> Task description: In the records that follow, skip the pictures and print everything else exactly.

*** Begin section ***

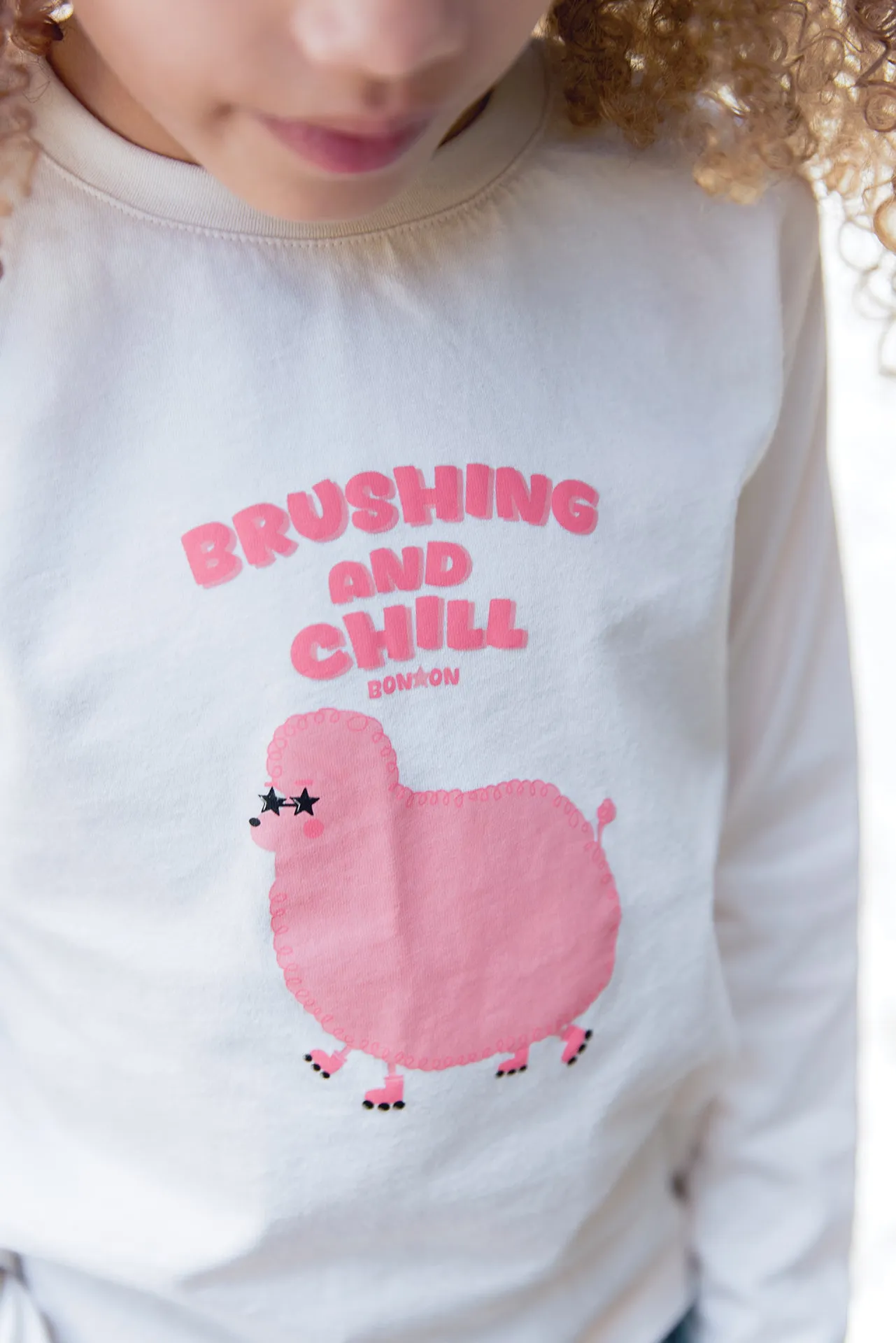Bonton Taxo Brushing Mouton T-shirt 6 år bomuld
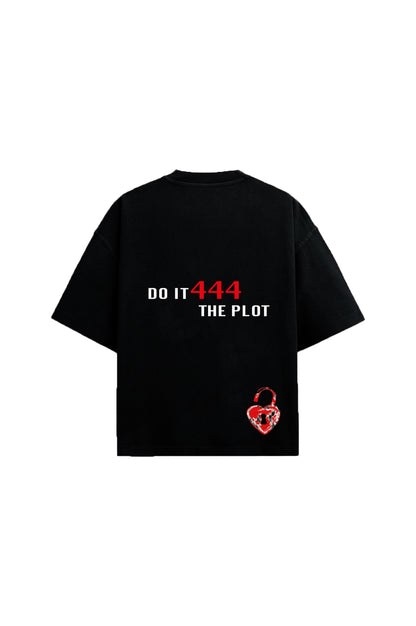 Polera Not San Valentin Negra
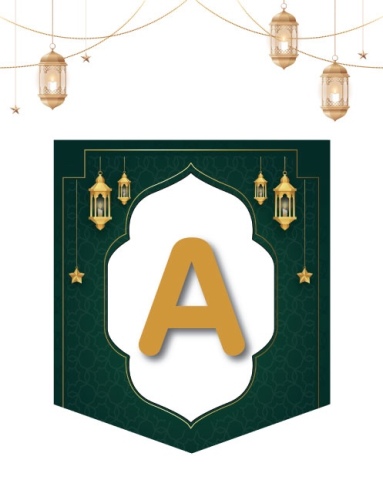 Karton Yazı 11 Ayın Sultanı Ramazan Banner - 2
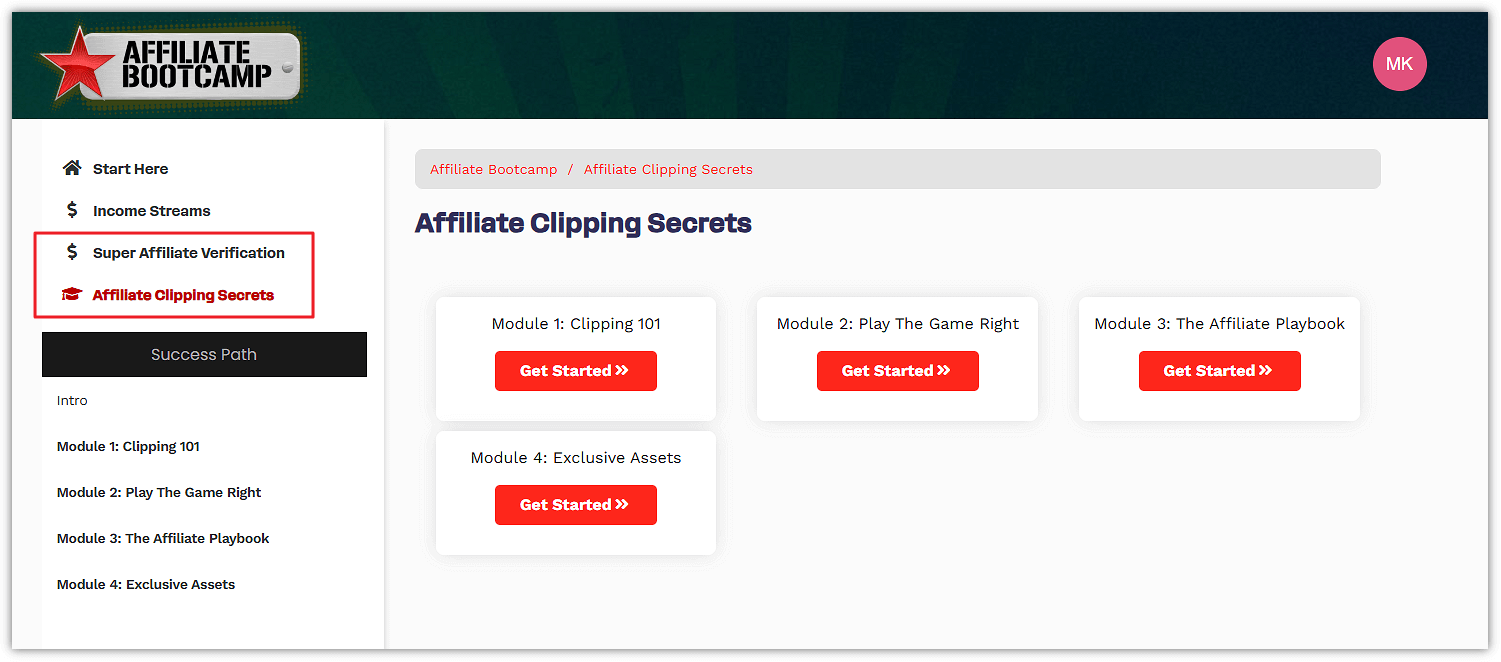 ClickFunnels Affiliate Bootcamp Additional Sections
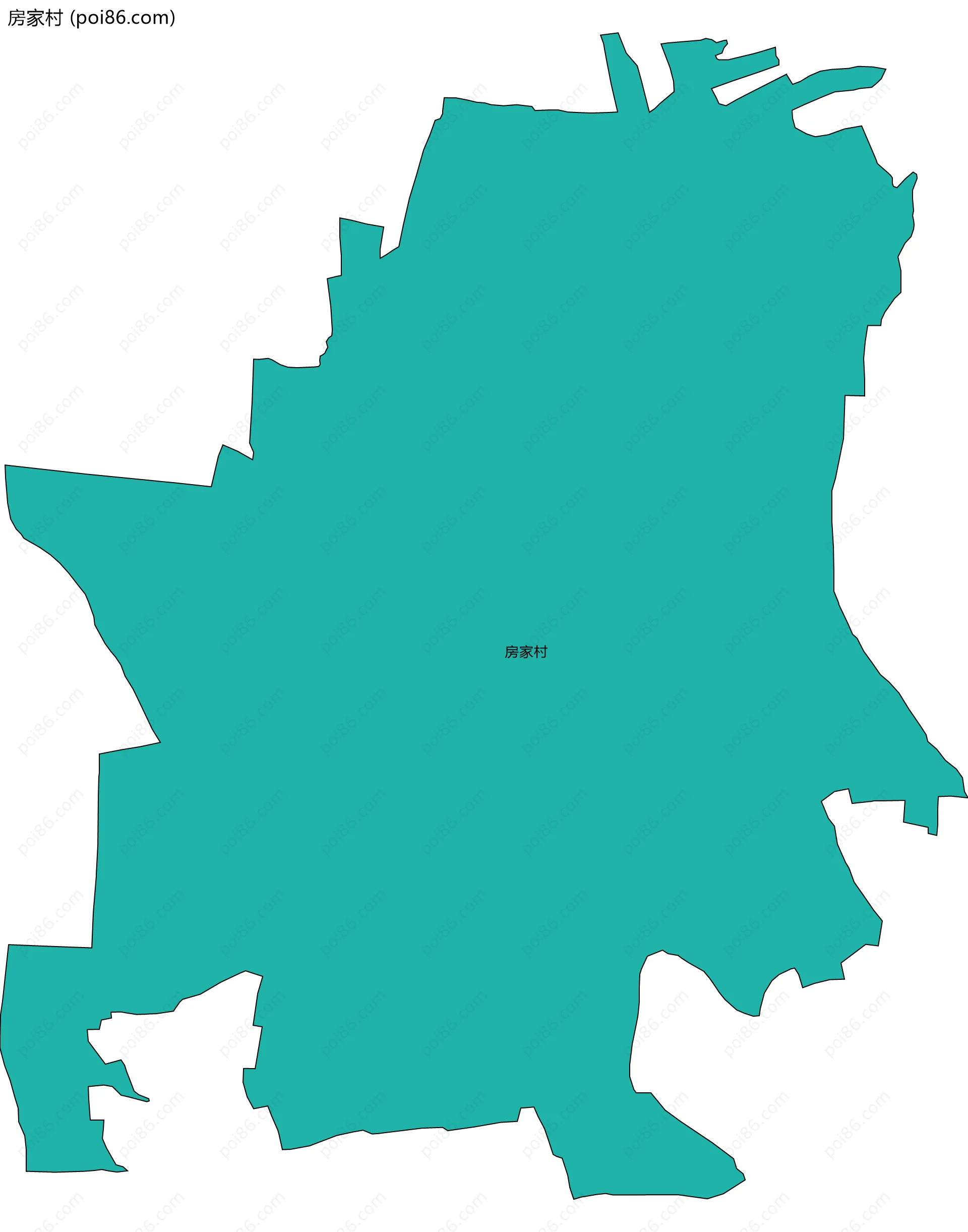 房家村边界地图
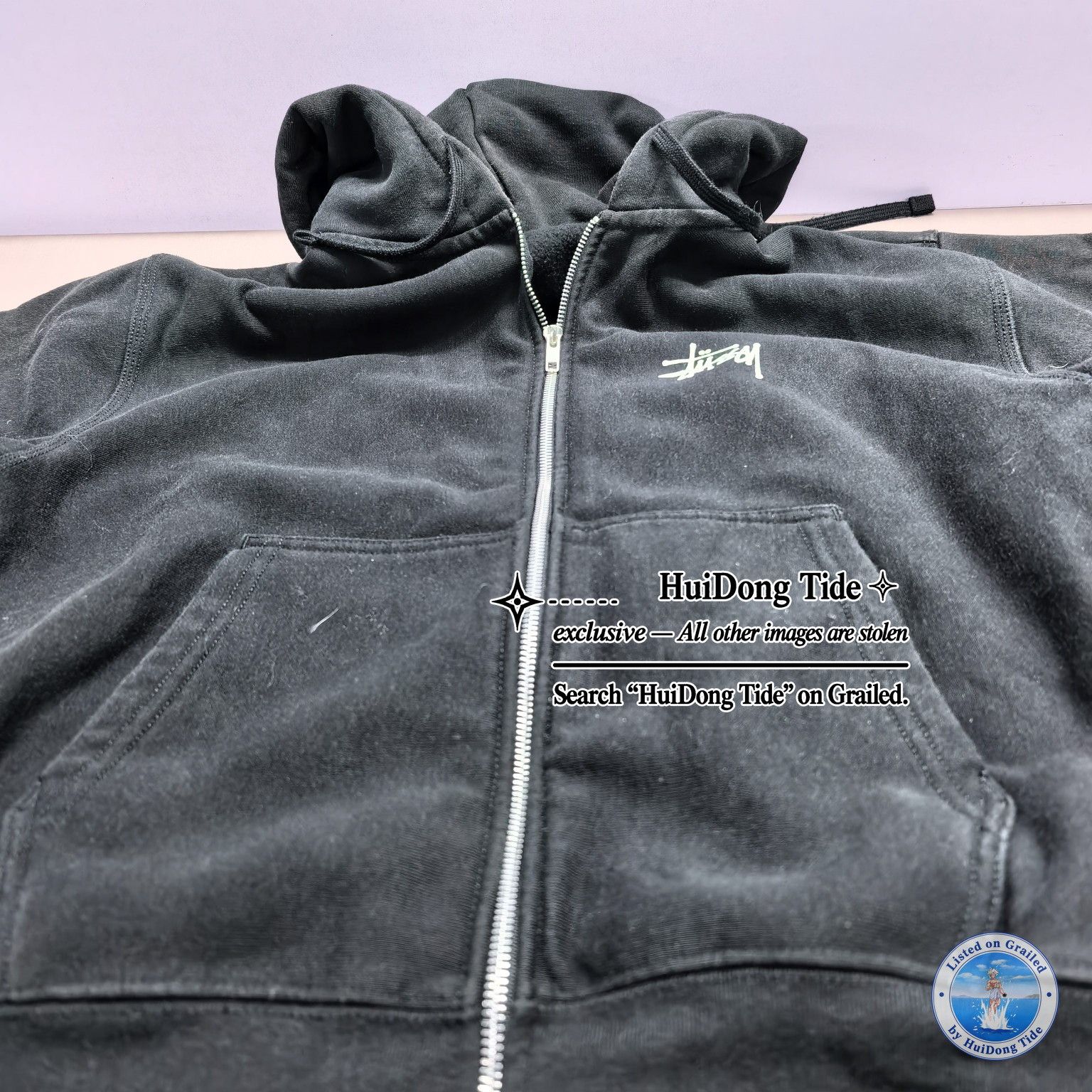Stussy Stussy Basic Logo Zip Up Hoodie Size S Size US S / EU 44-46 / 1 - 11 Thumbnail
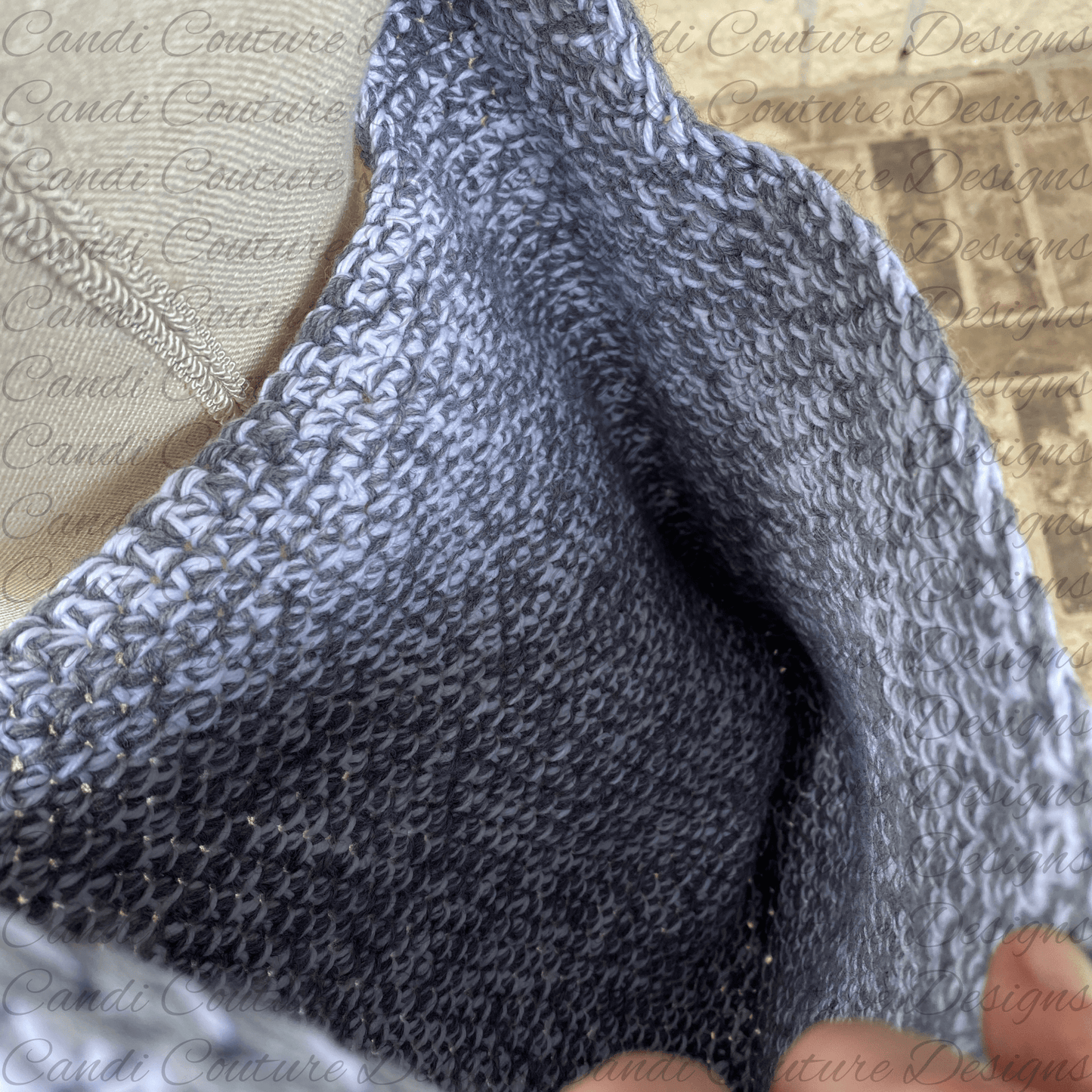 Custom Crochet Market Tote Bag | Handmade Reusable Shoulder Bag | Boho Market or Beach Bag - Candicouturedesigns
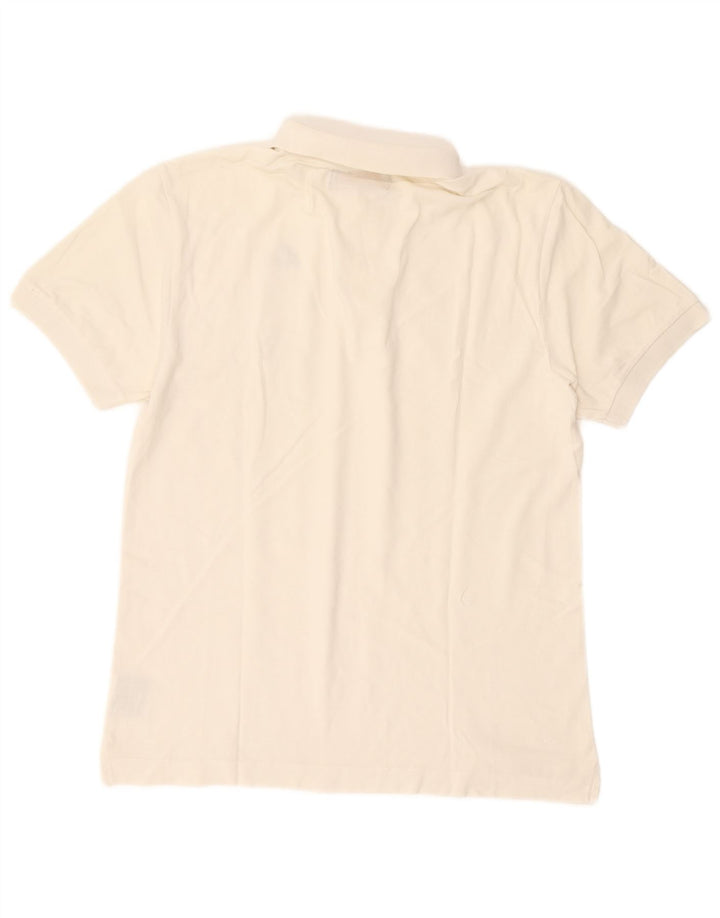 Kappa herre poloshirt Medium Off White Bomuld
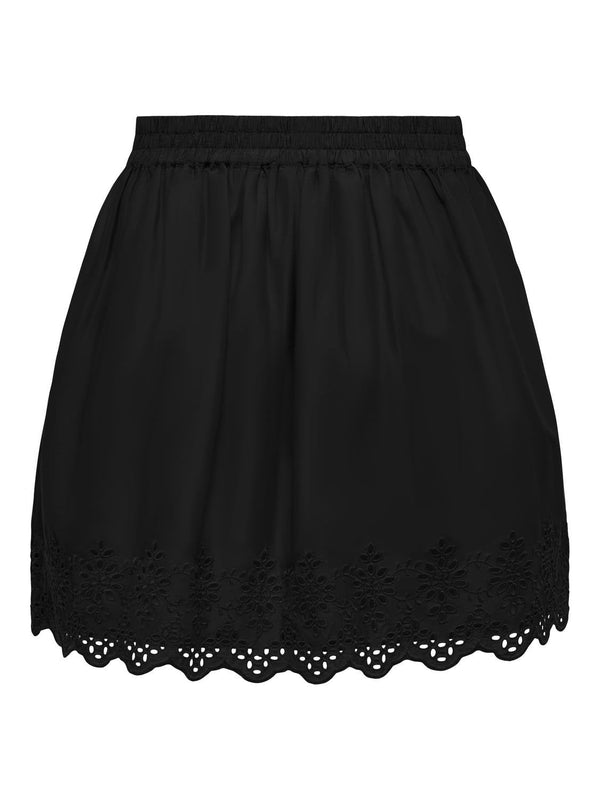 ONLLOU LIFE EMB FLOWY SKIRT PTM 15313168 - GONNA DONNA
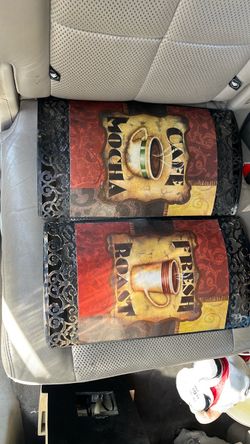 Coffee Theme Decorative Wall Art Set of 2
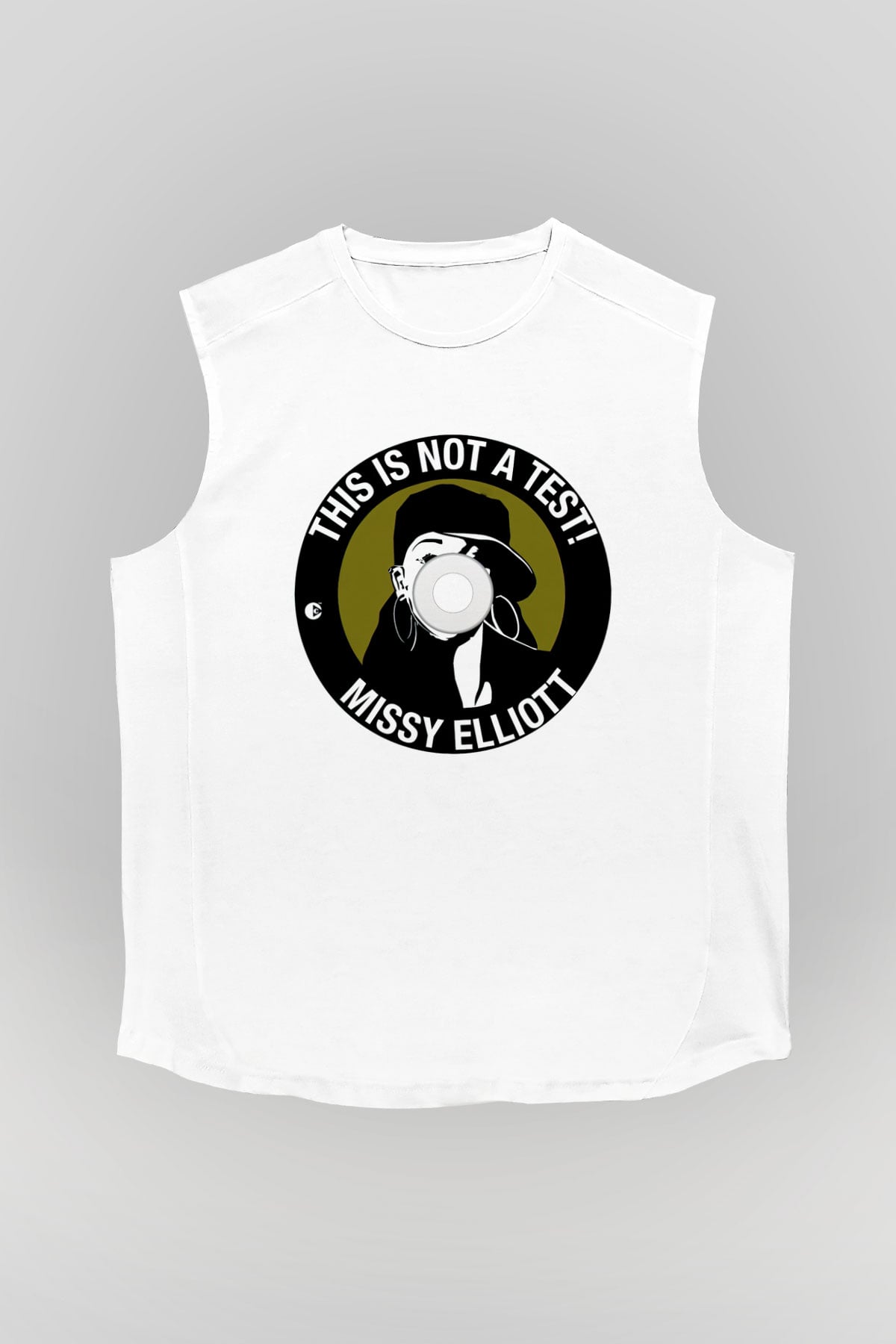 Missy Elliott Beyaz Unisex Kolsuz Tişört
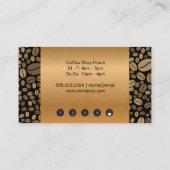 De Fidélité Carte Punch Coupe Café | Haricots à café (Dos)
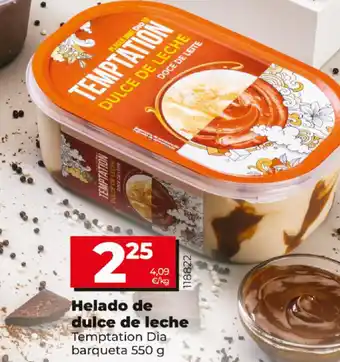 Maxi Dia Helado de crema dulce de leche oferta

*** End section ***

> Task output:
Bonton Taxo Brushing Mouton T-shirt 6 år bomuld
 Polera Not San Valentin Negra
 Karton Yazı 11 Ayın Sultanı Ramazan Banner - 2
 ClickFunnels Affiliate Bootcamp Additional Sections
 房家村边界地图
Stussy Stussy Basic Logo Zip Up Hoodie Size S Size US S / EU 44-46 / 1 - 11 Thumbnail
 Custom Crochet Market Tote Bag | Handmade Reusable Shoulder Bag | Boho Market or Beach Bag - Candicouturedesigns
 Kappa herre poloshirt Medium Off White Bomuld
 ONLLOU LIFE EMB FLOWY SKIRT PTM 15313168 - GONNA DONNA
 Coffee Theme Decorative Wall Art Set of 2
 Missy Elliott Beyaz Unisex Kolsuz Tişört
 De Fidélité Carte Punch Coupe Café | Haricots à café (Dos)
 Maxi Dia Helado de crema dulce de leche oferta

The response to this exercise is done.